Commissaire d’exposition, directeur artistique Arts Catalyst, Londres, Grande-Bretagne

Première publication colloque Visibilité – Lisibilité de l’art spatial. Art et Gravité Zéro : l’expérience des vols paraboliques, en collaboration avec le festival @rt Outsiders, Paris, 2003

Dans quelle mesure peut-on envisager d’envoyer un artiste dans l’espace orbital ? Cette question est sujette à débat, à la fois sur un plan pratique et théorique. Le succès du vo des deux touristes de l’espace, Dennis Tito et Mark Shuttleworth, à bord de l’ISS (Station spatiale internationale) avec l’Agence spatiale russe invite ceux d’entre nous qui sommes engagés à promouvoir un meilleur contact entre le domaine culturel et les agences spatiales à se poser la question suivante : si un organisme artistique parvenait à trouver les fonds nécessaires, pourrait-on entraîner le premier artiste-cosmonaute comme ces touristes, et l’envoyer, après avoir réservé et payé une troisième place à bord, dans le vaisseau Soyouz ? Si oui, serait-ce une chose souhaitable ?

Les questions qui sautent aux yeux de quiconque s’aventure sur ces territoires sont évidentes, mais il faut néanmoins tenter d’y répondre :

Alors qu’il est déjà assez difficile de faire de la science dans l’espace, les coupes budgétaires de l’ISS et la catastrophe de Colombia ayant mis un frein aux opérations en cours, pourquoi se paierait-on le luxe d’envoyer un artiste dans l’espace et au nom de quoi en ferait-on une priorité ?

Quel en serait le coût ? Ne serait-ce pas une dépense inutile ?

En supposant qu’on parvienne à financer ce projet, qui irait ? Quelle serait la forme artistique représentée ? Quels seraient l’âge, le sexe, et la nationalité de l’heureux artiste-cosmonaute et sur quels critères le choisirions-nous ?

Cet article tente d’apporter quelques éléments rationnels de discussion à ces questions pour cette conférence.

La première question serait soulevée par la communauté scientifique et fait écho aux premières inquiétudes que posérent le fait que des artistes utilisent les vols paraboliques dans leur travail.

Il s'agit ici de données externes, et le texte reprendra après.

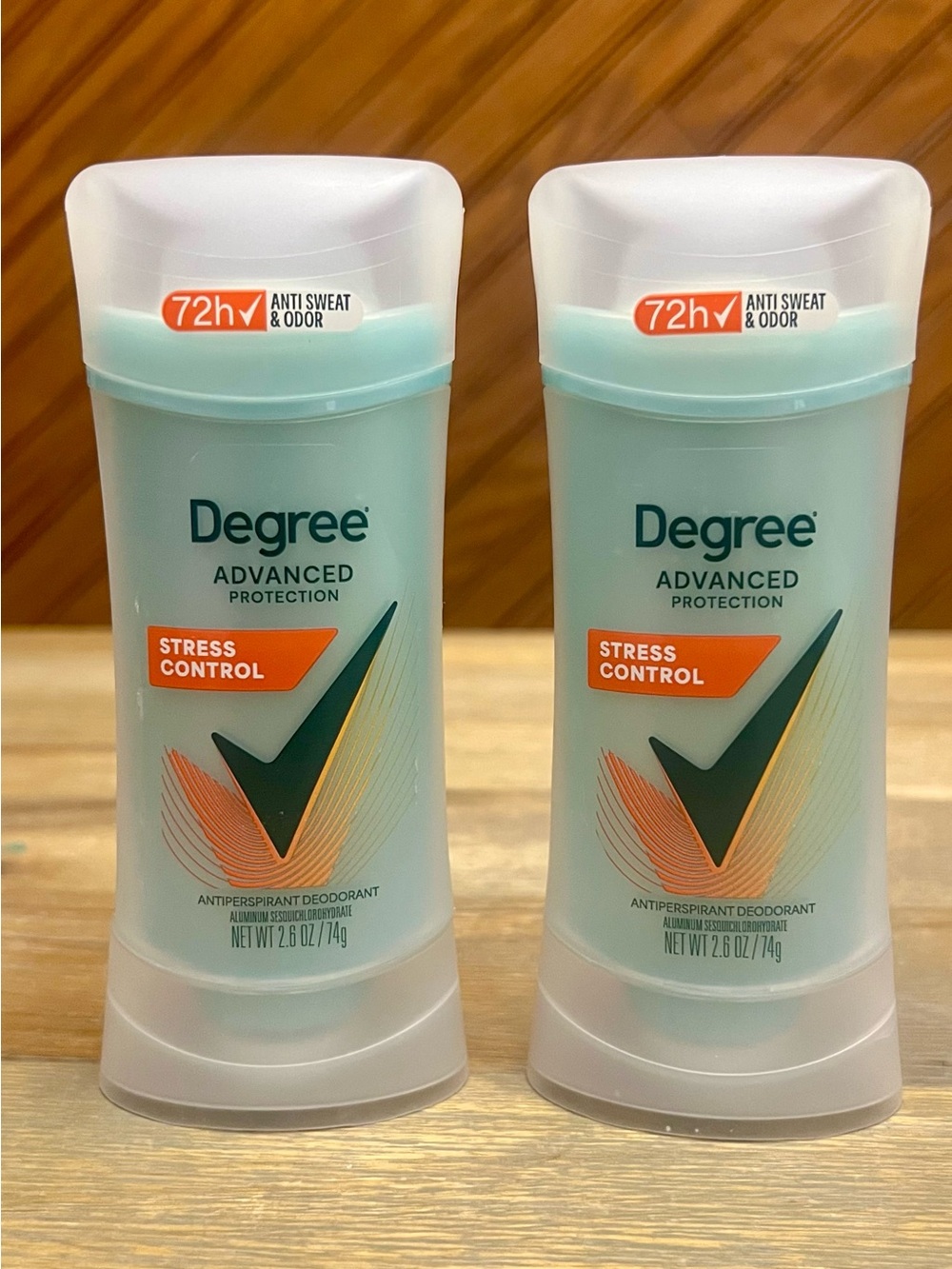 2x Degree Advanced Women’s DeodorantStress Control Antiperspirant Stick 2.6 Oz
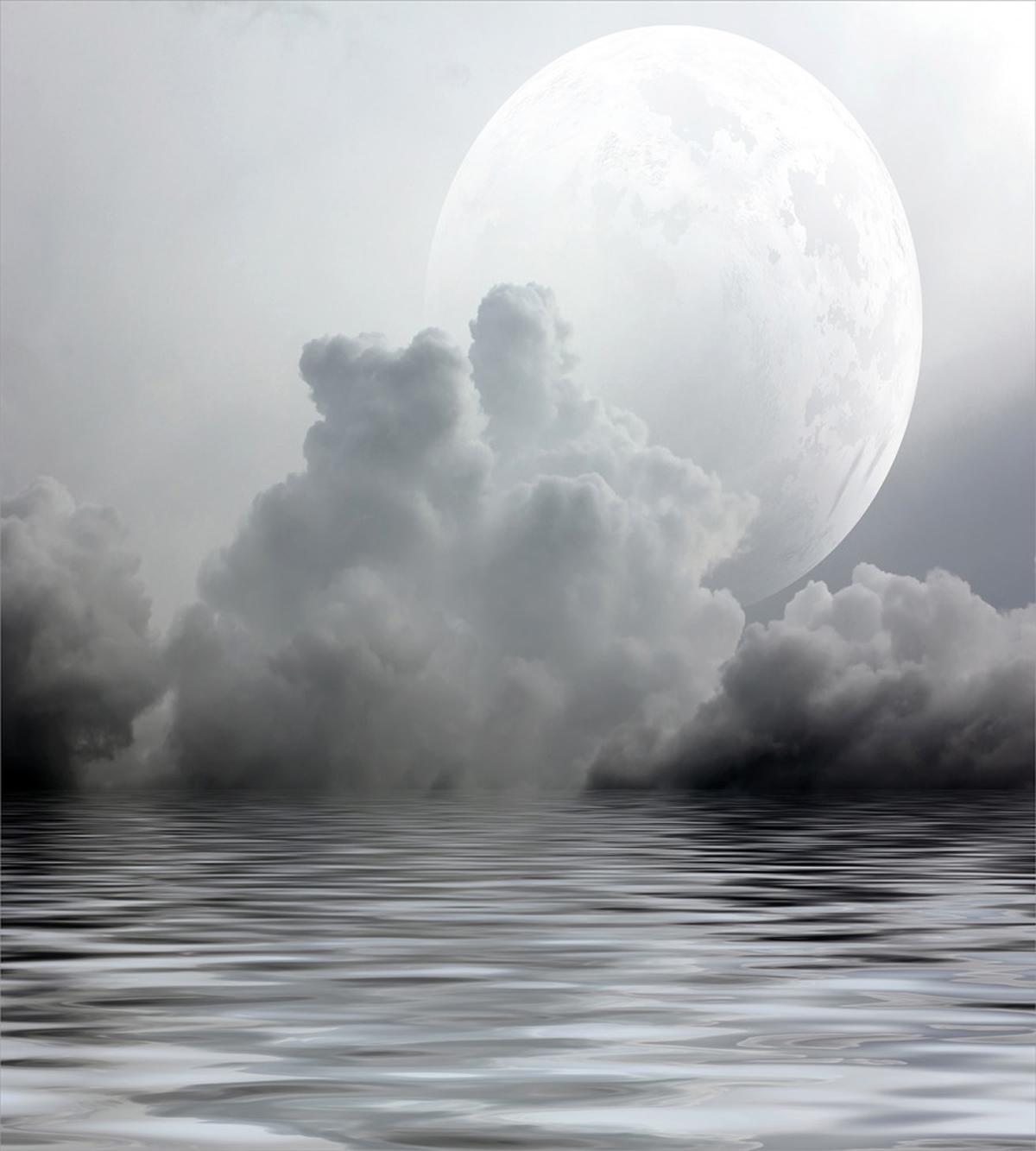 Misty Air and Ocean Art — Pattern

Comme l’équipe Beagle de l’atterrisseur sur Mars l’a montré à travers sa collaboration un peu mise en scène avec l’artiste britannique Damien Hirst, la culture est une bonne publicité pour l’industrie aéronautique. C’est ainsi. Les artistes et les grandes figures culturelles exercent une certaine influence sur le public. Ils influent également sur les décisions des politiques pour investir dans les voyages dans l’espace. Parfois, ce sont mêmes des artistes qui contribuent directement à l’expérience de la vie dans l’espace, comme Kitsou Dubois l’a montré avec son programme d’entraînement par la danse avec le CNRS et l’ESA.

Combien ? Même si on ne connaît pas le montant exact du voyage que les deux touristes ont payé, on pense que Mark Shuttleworth a donné entre 18 et 20 millions de dollars à l’Agence spatiale russe. Il prétend sur son site Internet que cette somme est inférieure à ce que la plupart des pays (à l’exception de la Russie sans doute) seraient prêts à payer pour envoyer leur propre astronaute là-bas, disons pour une période de cinq à dix jours ; c’est à peu près la somme qu’un organisme artistique de taille moyenne pourraient réunir pour développer un projet, en sollicitant des grandes entreprises, des portefeuilles d’action, et en recourant aux ventes d’art et aux loteries nationales – et même aux subventions publiques sur une base transnationale. Cela dit, cela fait beaucoup d’argent dépensé pour une mission de 10 jours. Nous pourrions également utiliser nos contacts avec le gouvernement russe pour essayer de négocier le prix à la baisse, mais il faudrait que cela soit fait longtemps à l’avance ; de plus, cette solution suppose d’avoir un réel soutien politique. Le chanteur de variété Lance Bass s’est fait expulser de la Cité des Etoiles quand ses sponsors ont essayé de négocier avec les Russes après le début de son entraînement.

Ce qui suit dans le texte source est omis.